Dismiss Notice
Join Physics Forums Today!
The friendliest, high quality science and math community on the planet! Everyone who loves science is here!

Ordinary Differential Equation by substitution.

  1. Feb 17, 2009 #1
    1. The problem statement, all variables and given/known data
    dy/dx = (x+3y)/(3x+y)

    I have to solve the given differential equation by using an appropriate substitution...

    3. The attempt at a solution

    I used algebra to make the equation (3x+y)dy - (x+3y)dx = 0

    then made x = vy and dx = vdy + ydv.

    then plugged in to get (3vy+y)dy - (vy+3y)(vdy+ydv)

    and now I'm looking for a common factor to cancel and I'm stuck, any help? Am I even headed in the right direction...thanks.
  2. jcsd
  3. Feb 17, 2009 #2


    Staff: Mentor

    It doesn't seem you're heading in the right direction. Here's what I would try.
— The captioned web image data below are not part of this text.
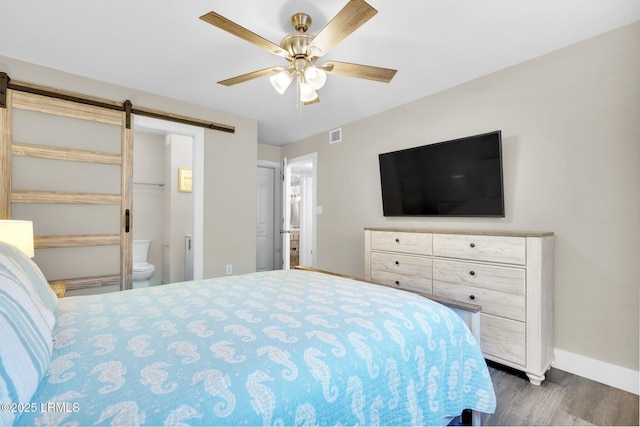 bedroom with ceiling fan, ensuite bath, a barn door, and dark hardwood / wood-style flooring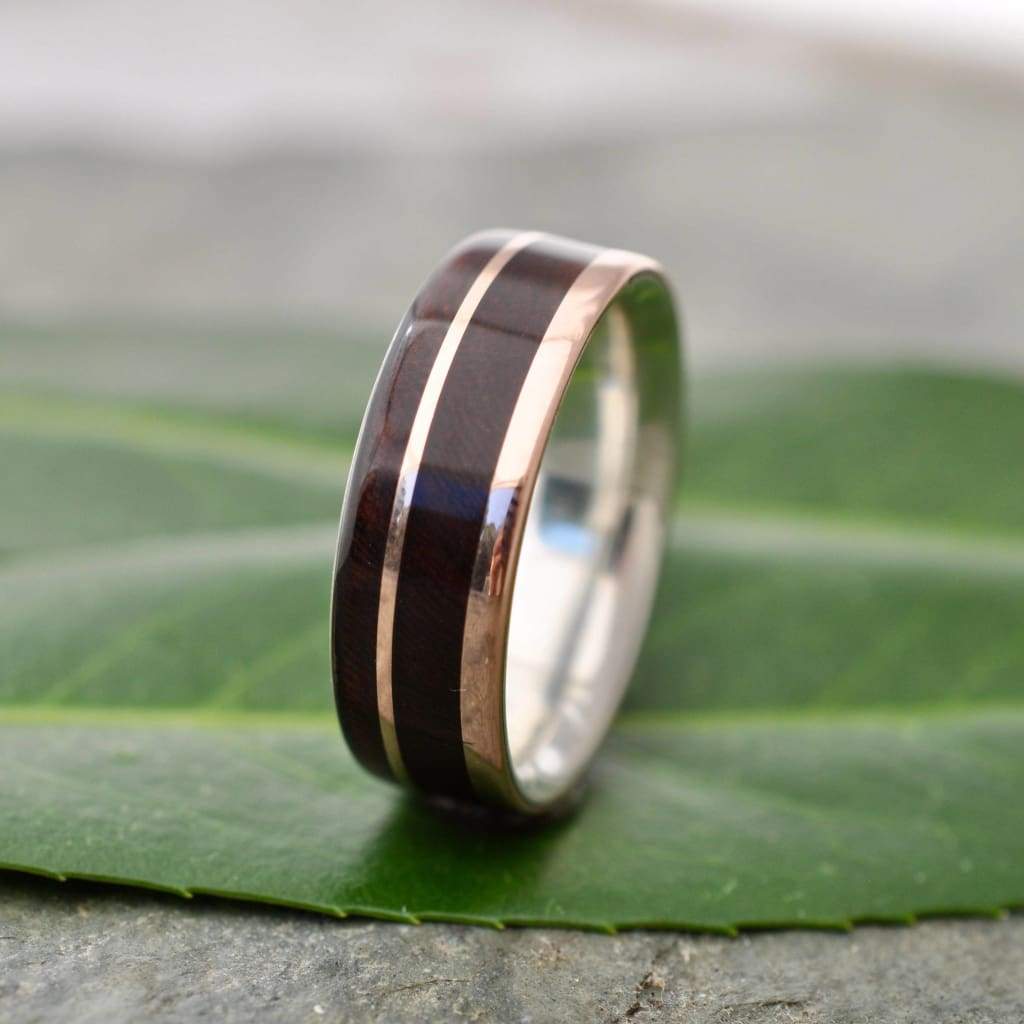 Rose gold wood ring showing nacascolo grain and offset rose gold and silver detail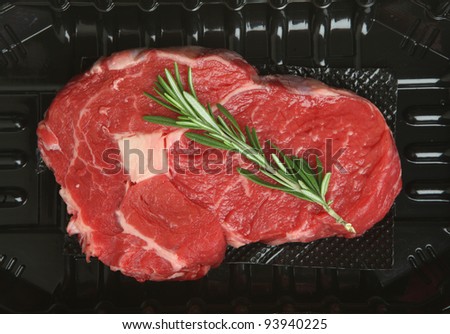 Rib-eye beef steak in plastic packing tray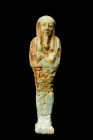 EGYPTIAN FAIENCE USHABTI

 Late Period, Ca. 664-332 BC
 An ushabti with a mummy-shaped body and a prominent back pillar, standing gracefully upon a...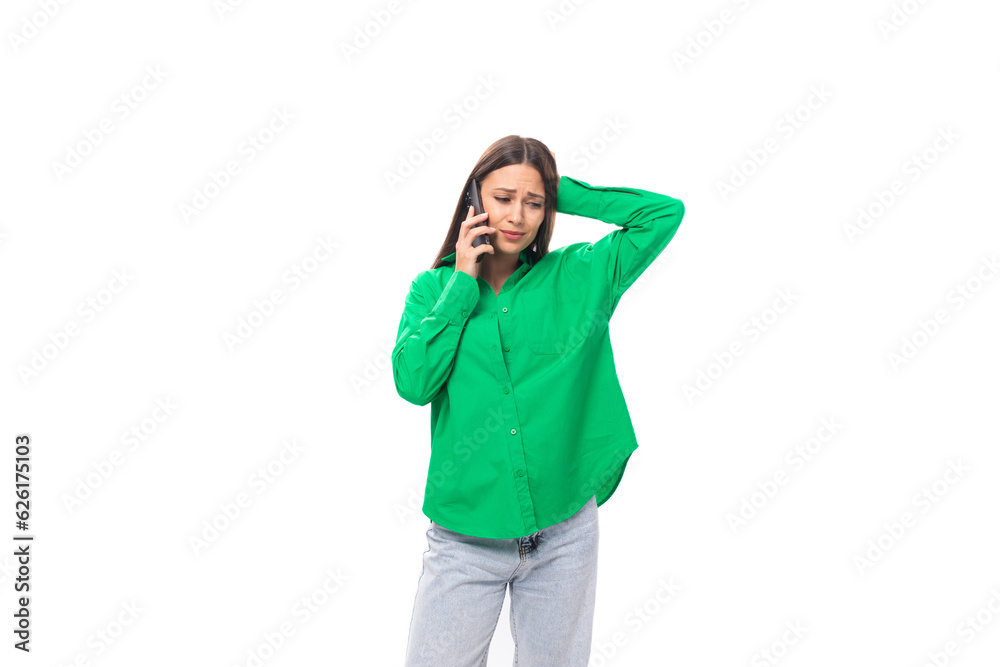 well-groomed bright young brown-haired female model with brown eyes in a green shirt speaks on the phone on a white background with copy space well-groomed bright young brown-haired female model with brown eyes in a green shirt speaks on the phone on a white background with copy space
    Starting with this equation,
    (3x+y)dy = (x+3y)dx

    integrate the left side with respect to y. Since you're integrating with respect to y, you'll end up with whatever you get plus an arbitrary function of x alone.
    Then, integrate the right side with respect to x, similar to above. This time around you'll need to include an arbitrary function of y alone.

    The left and right sides have to be equal for all pairs of (x, y) values, so you can equate the arbitrary functions of x or y on either side with what's on the opposite side.

    This should give you the equation h(x, y) = 0.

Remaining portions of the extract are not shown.